Another day, she was sitting at her desk when a client showed up. “This guy happened to walk in, and in the midst of me having a conversation with these other people, he turned my chair around, kissed me, and laughed,” she says. “I got up, and I went into the manager.”
“He responded, ‘I expect you do whatever it takes to keep that client.’ So I quit. I walked out the door. It was pretty traumatic because I worked hard to get to that position.”
Compounding the issue is that victims in this industry are too often not coming forward and reporting it.

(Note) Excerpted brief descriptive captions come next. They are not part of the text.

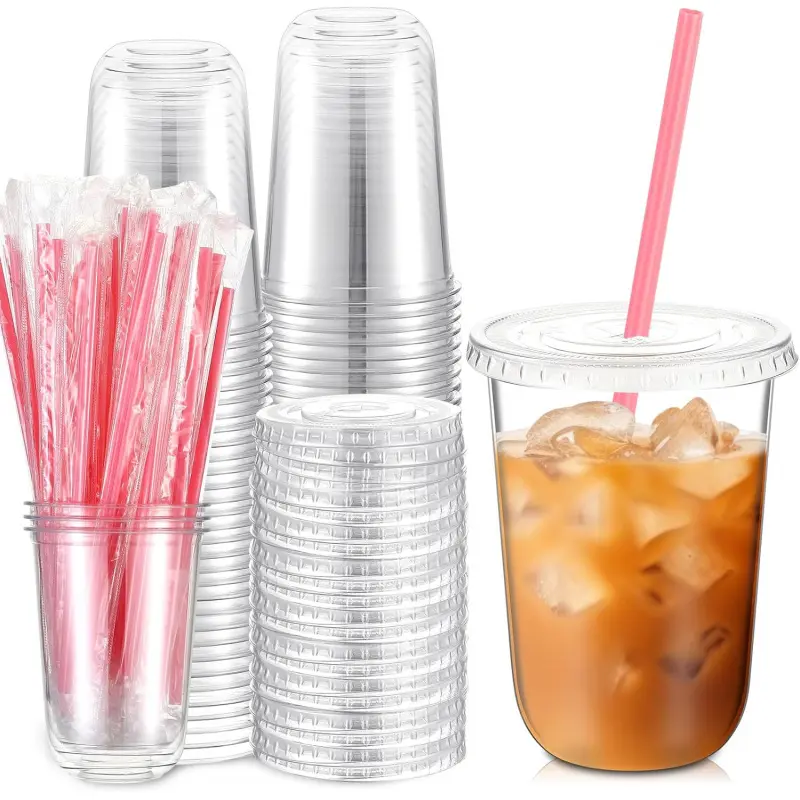 50 Sets Clear Plastic Cups with Heart Shaped Pink Straws and Lids, Disposable Iced Coffee Cups Drinking Pet for Cold Drinks, Valentine's Galentine's Day Bridal Baby Showers Party(Clear,16 oz)valentine's day decor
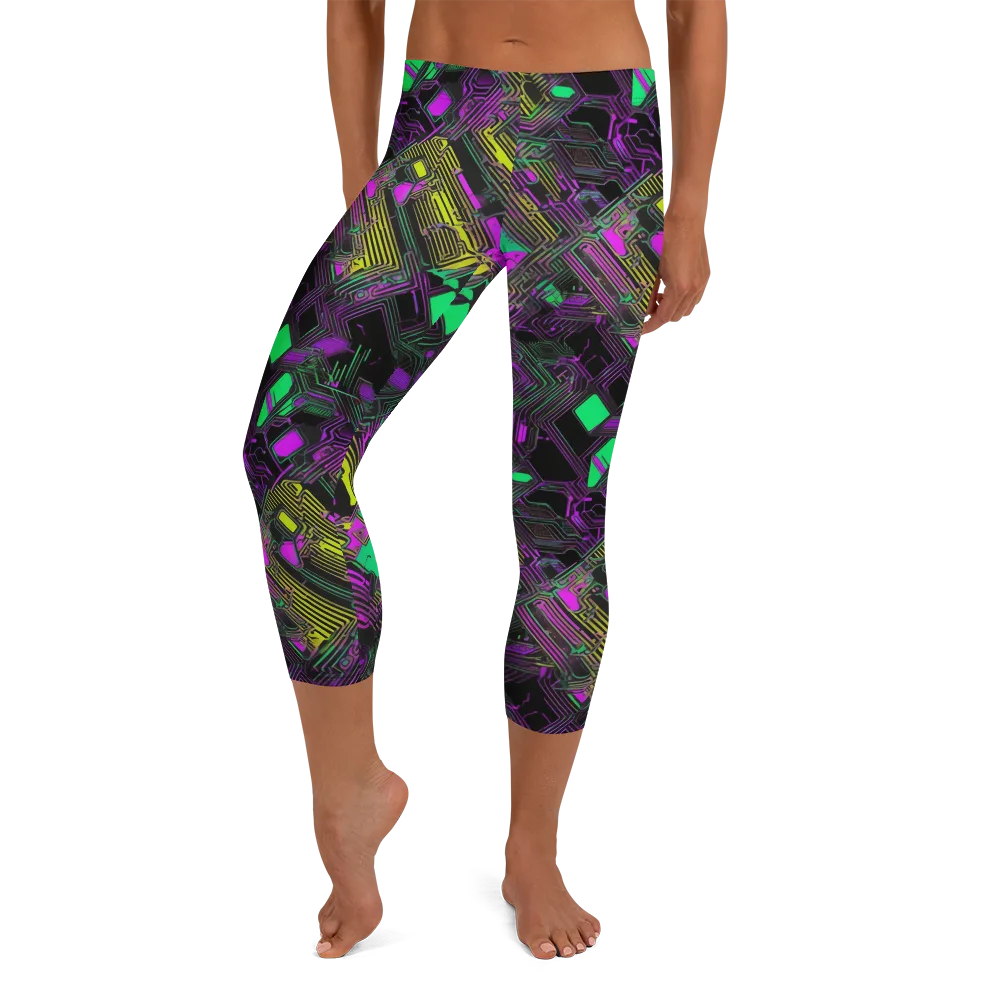 Night Voltage on Capri Leggings — Front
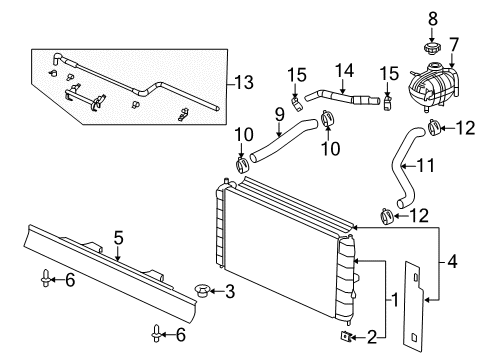 2006 Saturn Ion Radiator & Components Diagram 3 - Thumbnail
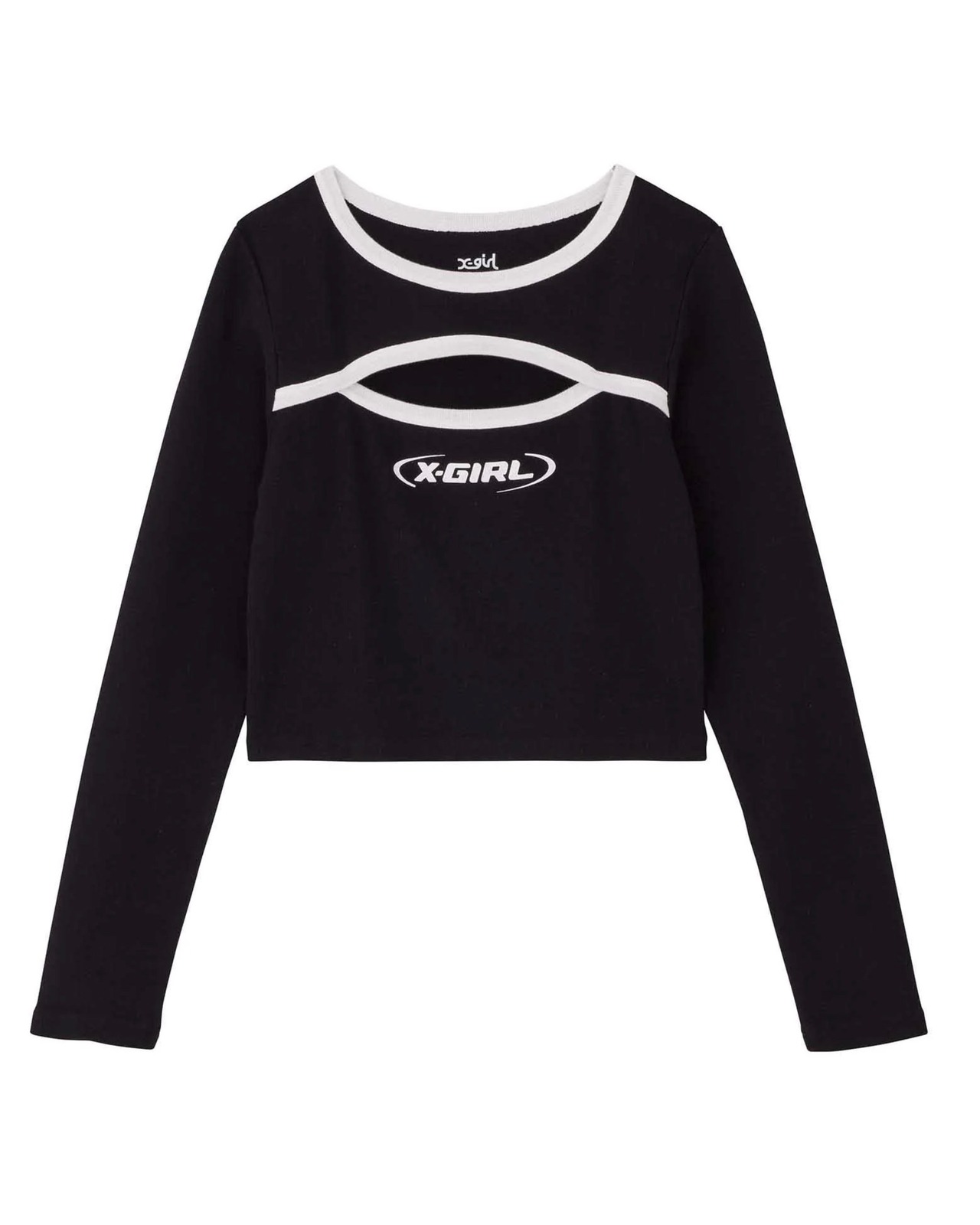 【X-girl】FRONT CUTOUT L/S BABY TEE 【エックスガール】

It’s no surprise that sexual harassment is an issue in financial services, as shown in many surveys. In a recent WealthManagement.com survey, nearly 62 percent of respondents who were harassed or witnessed harassment said they did not use the protocols those firms have in place to address the incident. That number is nearly 66 percent for women.
Respondents gave a range of reasons, including fear of retaliation and ostracism within the office, the fact that the offender was the victim’s manager or a belief that the complaint would not be taken seriously.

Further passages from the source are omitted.